Intermediate-Advanced Greek Reading: Lucian's "True Stories" - Episode 4: The Adventure Concludes (PG-13!)
Sun. 7pm Eastern
Course Description: Fish that get you drunk, Moonmen, giant space-vulture cavalry, warring peoples inside the belly of a whale, emerald cities, Odyssean tall tales, Herodotean ethnographies, Thucydidean battle scenes, interplanetary imperialism, owl generals, garlic fighters, and smoke-eaters -- Lucian's True Stories is one of the wackiest and most enjoyable authentic Ancient Greek texts and Western Literature's oldest science fiction novel. We will read as much of this swashbuckler as we can, briefly discussing and reviewing grammar topics and idioms as they come up but mainly trying to read as much Greek as possible and identify the many allusions to, and satire of, canonical Greek classics (the book is stuffed with inside jokes for classicists). This class is a continuation of last term's True Stories class but it is in no way necessary to have taken that class for this one to make sense and be fun. We begin around half way through Book 2 and will read to the end.
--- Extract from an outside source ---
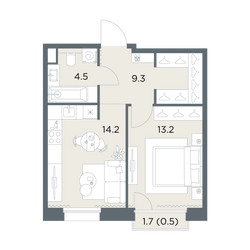 Планировка однокомнатной(квартира) площадью 41.7 квадратных метров в ЖК “ЖК Станиславский”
Level: This course is intended for students with intermediate to advanced knowledge of Ancient Greek.
Textbook: Either the Nimis and Hayes edition or the C.T. Hadavas edition. The former is available as a free pdf.
Sections capped at: 5 students
David Ring teaches Latin and Ancient Greek as living languages by using an eclectic mix of methods, ranging from the insights of Renaissance Humanist pedagogy (especially the advice of Erasmus) to the Direct/Nature method to (first and foremost) Teaching with Comprehensible Input. Be it a discussion in Attic Greek about a beautiful painting, or personal life conversation in Attic Greek, or paraphrasing Homer or Lyric into simpler Attic prose, or storyboarding Lucian's True Stories -- David and his students aim to "get lost" in the joy of what they are doing, such that they "forget" they are speaking Ancient Greek. He believes that the purpose of liberal education is to help young people grow in self-knowledge -- both individual and cultural --, to help them form sharp intellects, wise judgment, and greatness of soul. He believes this is best done via direct encounters with the greatest minds and greatest stories of the last 3,000 years.